A Defensoria Pública da União luta para sair do anonimato. Criada para prestar assistência jurídica para os carentes em processos na Justiça Federal – discussões sobre benefícios do INSS, por exemplo –, ainda é uma estranha para a maior parte da população. Até alguns profissionais do Direito não sabem da existência da instituição, reconhece José Rômulo Plácido Sales, defensor público-geral da União.

José Rômulo assumiu o comando da Defensoria da União em agosto deste ano. Uma das suas bandeiras é tirar a instituição do improviso e aumentar a sua estrutura. Hoje, são 481 cargos de defensor público da União, dos quais 336 estão preenchidos e os outros aguardam novo concurso. Para José Rômulo, o número é muito baixo. Ainda mais se comparado com os cerca de 8,5 mil advogados da União, que são a outra parte da maioria dos processos em que atua a Defensoria.

Em entrevista para a Consultor Jurídico, José Rômulo não se mostrou satisfeito com medidas paliativas para resolver o problema da assistência jurídica no país, como o recente convênio firmado pelo CNJ para que advogados voluntários defendam o cidadão carente. Não que ele seja radicalmente contra. Apenas defende que deve ser dado à Defensoria o prestígio que ela merece para cumprir sua missão constitucional. “Por que para pobre tudo tem que ser improvisado? A OAB diz que não se faz Justiça sem advogado. Para os pobres, não se faz Justiça sem defensor público.”

José Rômulo Plácido Sales se formou em Direito em 1995 pela Universidade Federal do Piauí. É da turma de defensores públicos da União de 2001, a primeira aprovada em concurso público para a instituição. “Eu me considero defensor por vocação.” Depois de integrar três vezes a lista tríplice enviada pela associação de defensores como sugestão de nomes para o cargo de defensor-geral – que é de livre escolha do presidente da República –, foi finalmente escolhido para a tarefa. Cumpre mandato de dois anos e pode ser reconduzido por outros dois.

Leia a entrevista.

ConJur – A população conhece e procura a Defensoria Pública?
José Rômulo Plácido Sales –
Quando falamos em Defensoria Pública, precisamos lembrar que existe a estadual – cada estado tem a sua – e a federal, a chamada Defensoria Pública da União. A estadual, no Rio de Janeiro, por exemplo, é conhecida e preenche toda a sua função jurisdicional de prestar assistência jurídica gratuita aos necessitados. O mesmo não acontece com a federal, que ainda continua implantada em caráter emergencial e provisório. Por isso, ela ainda não é conhecida pela população e até mesmo pelos profissionais do Direito.
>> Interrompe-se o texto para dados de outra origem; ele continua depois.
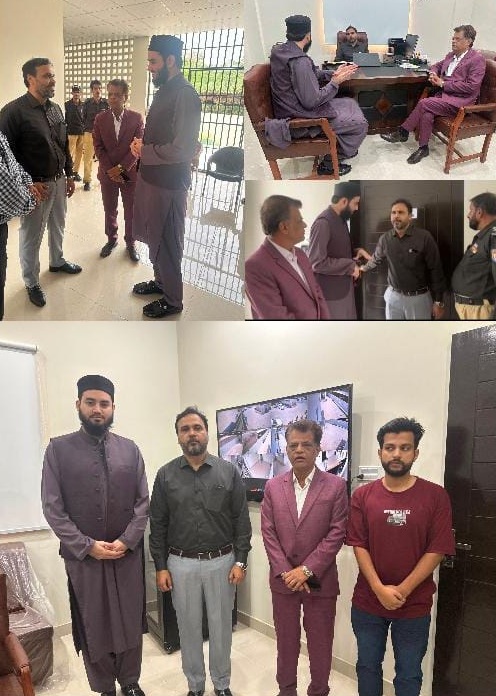 واٹر بورڈ پولیس اسٹیشن کا قیام پانی چوروں کو ہتھکڑیاں پہنائے گا امتیاز بخاری صاحبزادہ مجید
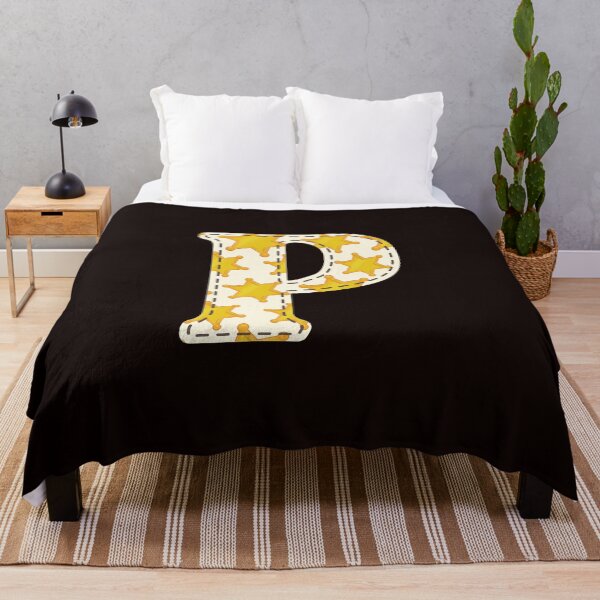 Item preview, A Cowboy Letter "P" In The English Alphabet designed and sold by fredgarden8.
ConJur – Qual a estrutura da Defensoria da União?
José Rômulo –
A instituição vem crescendo exponencialmente tanto em atendimento como em unidades. Hoje, a Defensoria Pública da União já está em todos os estados. Quando foi criada, aproveitou os chamados advogados de ofício, que trabalhavam na Justiça Militar. Só em 2001, com o primeiro concurso para a Defensoria, que foi o meu, é que a instituição começou efetivamente a existir. Na época, o quadro de defensores era de 112. Hoje, já são 481. Desses, 336 estão preenchidos e estamos fazendo concurso para preencher o resto. Antes, a Defensoria Pública da União precisava de autorização do Ministério do Planejamento para fazer concurso público. Em 21 de agosto deste ano, foi publicado o Decreto 6.944, que permite ao defensor público-geral convocar concurso sem precisar de autorização. Essa medida do governo foi um prestígio a mais para a Defensoria.
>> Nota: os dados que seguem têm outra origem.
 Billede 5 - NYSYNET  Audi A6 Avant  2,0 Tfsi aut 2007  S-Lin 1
ConJur – Qual a diferença entre a Defensoria da União e a dos estados?
José Rômulo –
A Defensoria dos estados atua junto à Justiça Estadual e a da União, junto à Justiça Federal, que inclui as justiças do Trabalho, Eleitoral e Militar. Mas, com o quadro atual, não dá para atuar em todas as áreas. No meu estado, Piauí, a Defensoria Pública da União já consegue atuar na Justiça do Trabalho, na Federal e até mesmo na Eleitoral. Claro que só na capital porque ainda não há unidades no interior.

ConJur – Qual seria o quadro ideal de defensores da União?
José Rômulo –
Defendemos a população em ações que têm órgão estatal como parte. Por isso, prefiro comparar nosso quadro com o da Advocacia Pública. O Estado tem hoje 8,5 mil advogados públicos, sem contar com os advogados das empresas públicas, como da Caixa Econômica Federal. Enquanto isso, para defender a população que não pode pagar advogado, não são nem 500 defensores. A Defensoria Pública da União precisa se interiorizar nos estados, ainda mais agora que foi sancionada uma lei que cria 230 varas federais nas cidades do interior dos estados.
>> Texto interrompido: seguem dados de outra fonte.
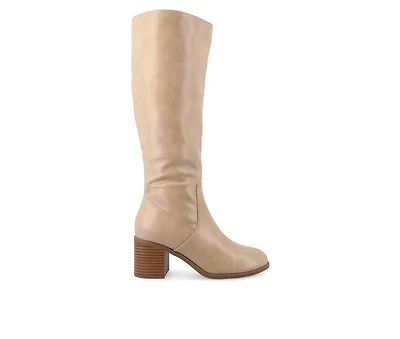 Women's Journee Collection Romilly Wide Width Extra Calf Knee High Boots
ConJur – A Defensoria da União tem um quadro de servidores de apoio?
José Rômulo –
A carreira de apoio foi objeto de estudos de um grupo de trabalho interministerial criado pelo presidente da República em 2005. A proposta era criar aproximadamente 4 mil cargos de servidores de apoio e mais mil cargos de defensores. A proposta foi encaminhada para o Ministério do Planejamento em 2006 e até hoje não foi feito nada. Para suprir essa carência, nós fazemos requisição de servidores de outros órgãos. Isso causa um embaraço. Todo dia eu recebo dirigentes de outras instituições reclamando das nossas requisições, que tiram o pessoal de apoio deles. Nessa situação, a Defensoria já funciona em condição precária. Se deixarmos de requisitar apoio, fica inviável. Além disso, é um desperdício de dinheiro público porque, sem apoio, o defensor deixa de atender a população para pregar etiqueta e mandar envelope para o Correio. Outra pessoa com um salário bem menor poderia fazer isso enquanto o defensor cumpre sua missão de atender a população.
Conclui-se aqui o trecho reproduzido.